May 1st, 2018 by Brian Beeler
Dell EMC XtremIO Replication Review
Today Dell EMC has announced the addition of native asynchronous replication in XIOS 6.1 for XtremIO all-flash storage arrays. Until now, replication for XtremIO has been handled by software tools like Dell EMC RecoverPoint for snapshot-based replication or Site Recovery Manager for VMware shops. There're also the options of pairing XtremIO and Dell EMC VPLEX for a variety of replication use cases. While these options solve the problem for many customers, they can also introduce increased complexity and cost, depending on the hardware in the environment. As such, a native metadata-aware replication solution for XtremIO has always been on the radar and is the number one feature XtremIO customers have been asking for.
Most know this already, but let's take just a quick look at the two types of replication. Asynchronous replication allows for replication over a long distance (100s of miles or more) while maintaining a dependent write-consistent copy of data between the local and remote site(s) at all times. With synchronous replication, the distance between sites needs to be much closer, typically referred to in terms of a metro area (~30-50 miles). At times, some customers even replicate within a single data center, depending on data needs and regulatory requirements. In any case, a host initiates a write to an array at the main site while at the same time data is written to the replication target. Data must be successfully stored in both local and remote sites before an acknowledgement is sent back to the host. Synchronous replication introduces additional latency as a result, which is why being physically close to the replication target is important.
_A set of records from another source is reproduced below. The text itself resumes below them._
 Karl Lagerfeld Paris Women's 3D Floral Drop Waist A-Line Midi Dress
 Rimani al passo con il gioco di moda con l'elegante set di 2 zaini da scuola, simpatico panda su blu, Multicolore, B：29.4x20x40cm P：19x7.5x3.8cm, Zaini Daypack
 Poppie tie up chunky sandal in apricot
While some industries require synchronous replication, the vast majority find asynchronous replication acceptable for their business requirements.
With XIOS 6.1, WAN optimization is a key emphasis and XtremIO is well-suited to help execute on this goal. It's important to remember that XtremIO does its data compression and deduplication inline, and the arrays rely on metadata tables for pointers as to where to find a duplicated block. This efficiency lends itself well for replication for a few reasons. First, only unique data is sent to the remote site; blocks that already exist on the target never go over the network. Second, only compressed data is sent to the remote site. These factors give XtremIO a significant optimization advantage that helps to ensure recovery goals are met. The replication load on the system is minimal, so there's never a need to disable replication or worry about a performance hit to the other native data services. While other competitive arrays offer replication, Dell EMC argues that XtremIO is arguably one of the most efficient due to the inherent architecture design.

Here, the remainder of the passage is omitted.